▸ **Problem statement**
Output exactly the lines of the listing below that run from the line with "Images Fort Worth" through the line with "脂肪細胞が乳化する様子". No pictures.

▸ **Data for analysis**
====================
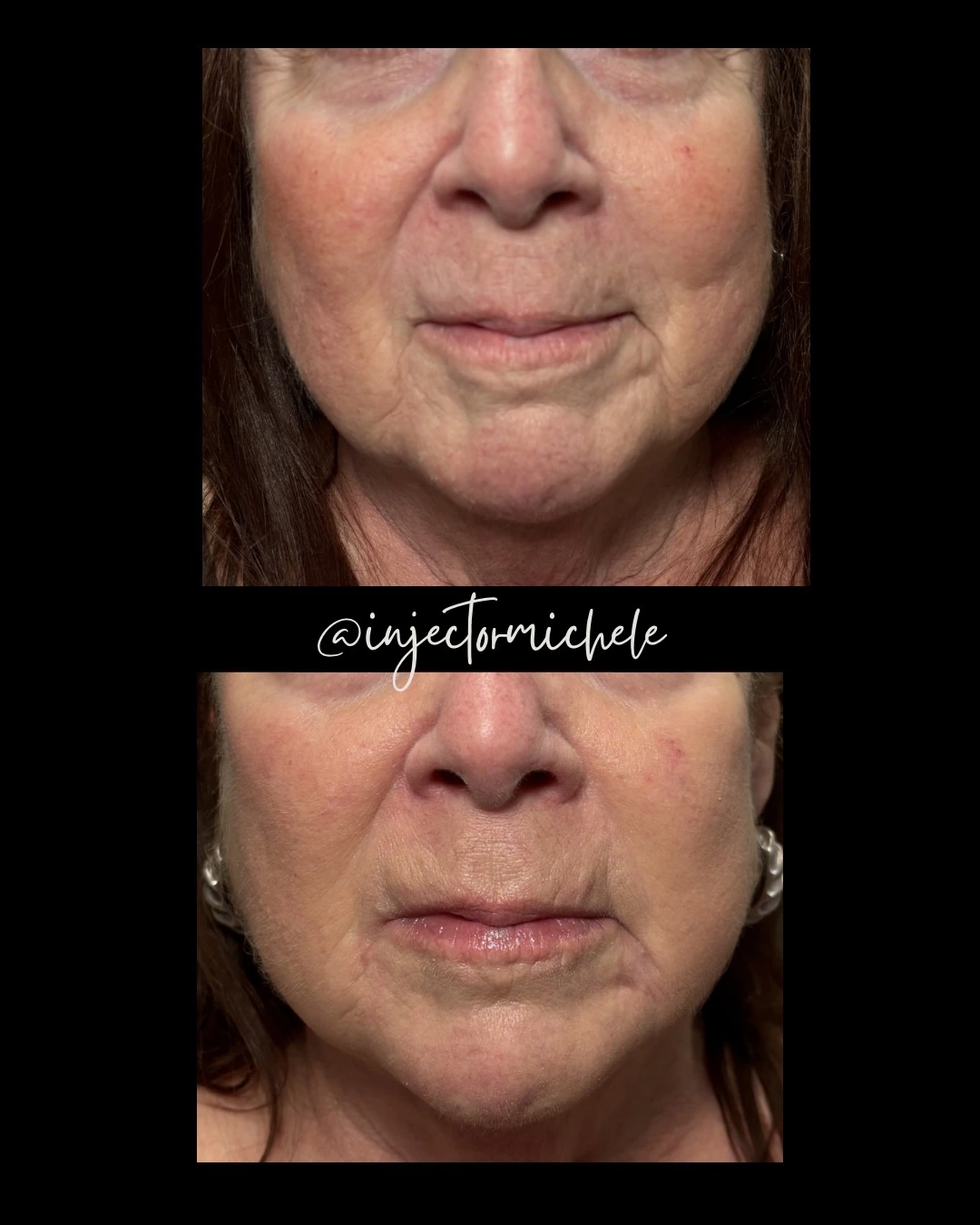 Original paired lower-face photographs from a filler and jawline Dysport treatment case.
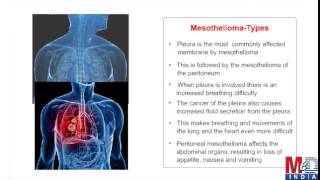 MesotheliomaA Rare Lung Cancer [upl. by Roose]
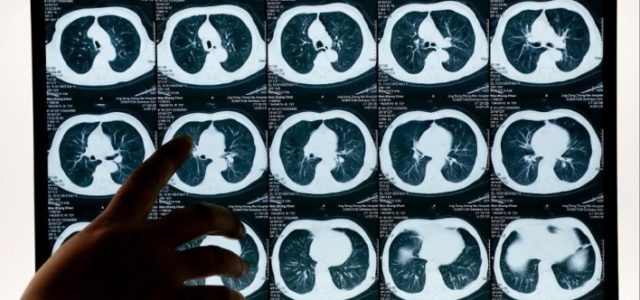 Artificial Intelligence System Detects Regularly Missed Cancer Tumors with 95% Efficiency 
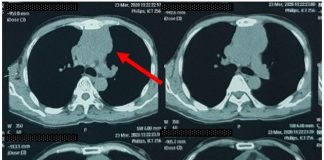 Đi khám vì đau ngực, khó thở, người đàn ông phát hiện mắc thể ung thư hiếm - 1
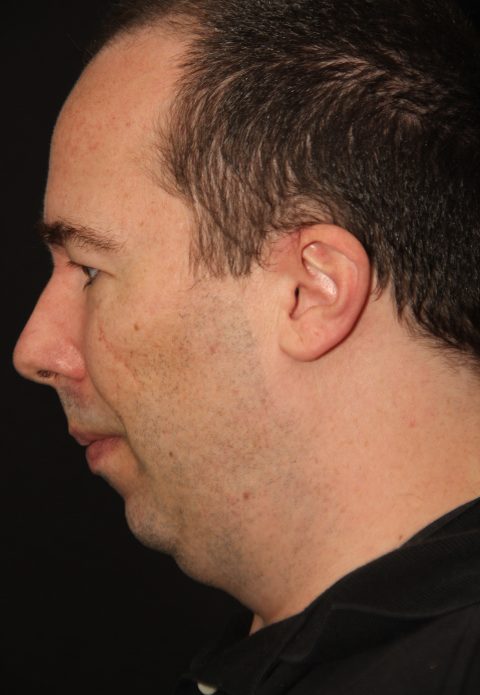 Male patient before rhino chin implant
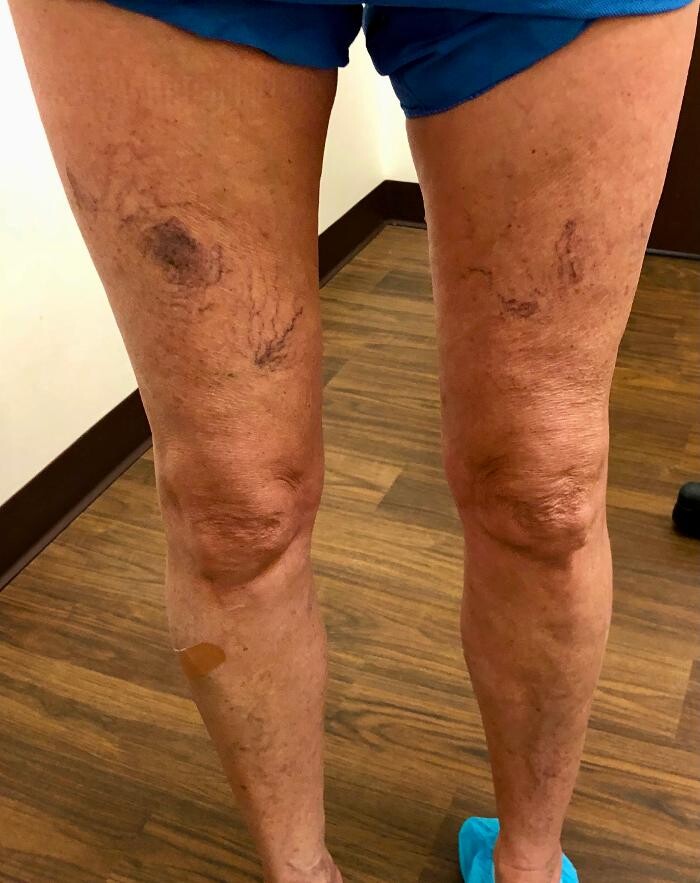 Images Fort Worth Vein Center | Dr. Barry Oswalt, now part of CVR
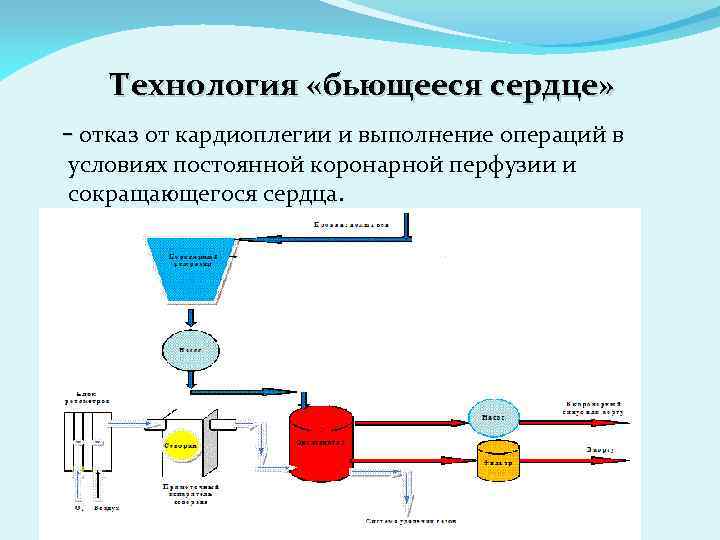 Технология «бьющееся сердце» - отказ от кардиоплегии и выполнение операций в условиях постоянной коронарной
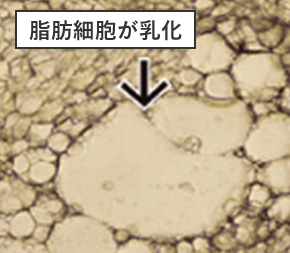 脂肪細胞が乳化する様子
====================
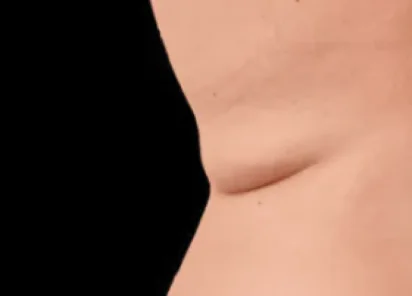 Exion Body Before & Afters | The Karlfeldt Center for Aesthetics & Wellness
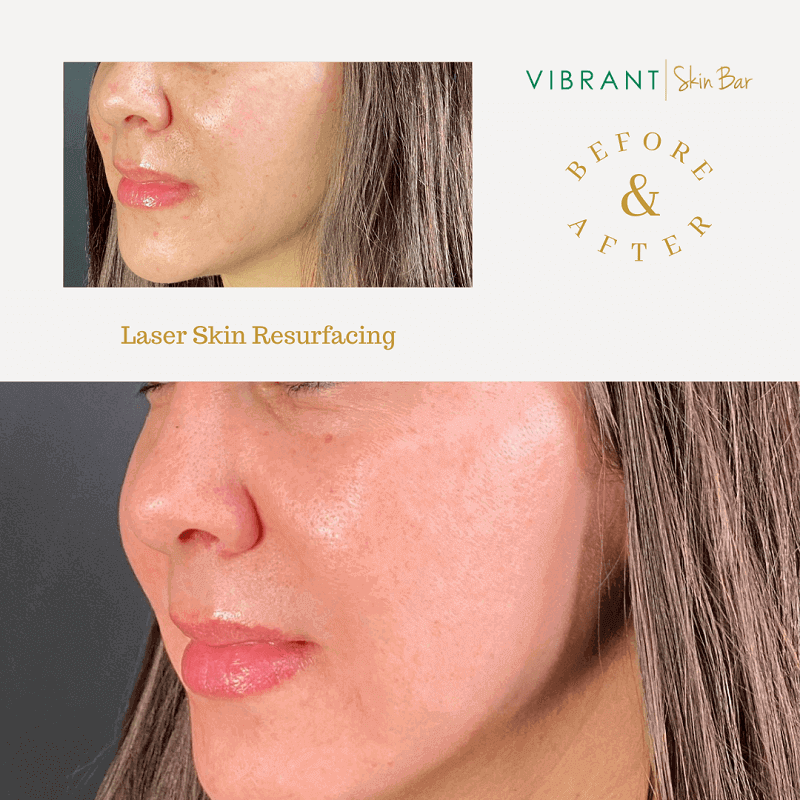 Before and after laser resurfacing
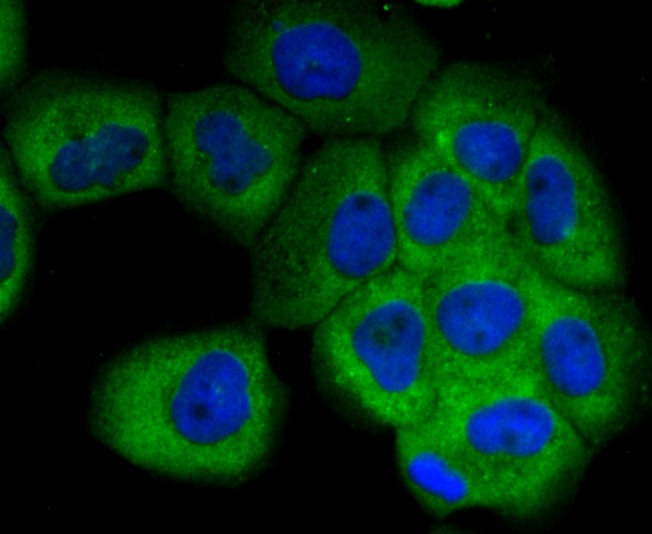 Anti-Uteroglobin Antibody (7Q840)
====================
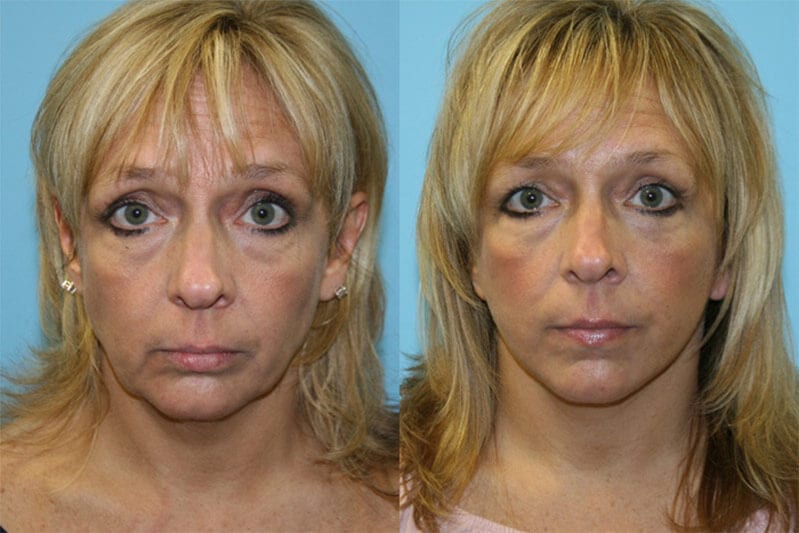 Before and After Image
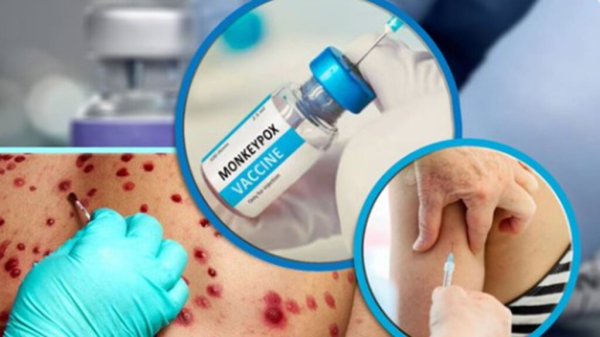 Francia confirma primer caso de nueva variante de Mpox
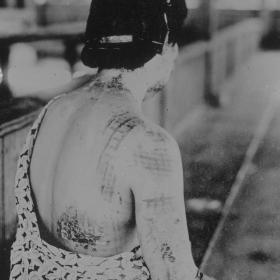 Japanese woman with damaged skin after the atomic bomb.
====================
▸ **Response box**
 Images Fort Worth Vein Center | Dr. Barry Oswalt, now part of CVR
 Технология «бьющееся сердце» - отказ от кардиоплегии и выполнение операций в условиях постоянной коронарной
 脂肪細胞が乳化する様子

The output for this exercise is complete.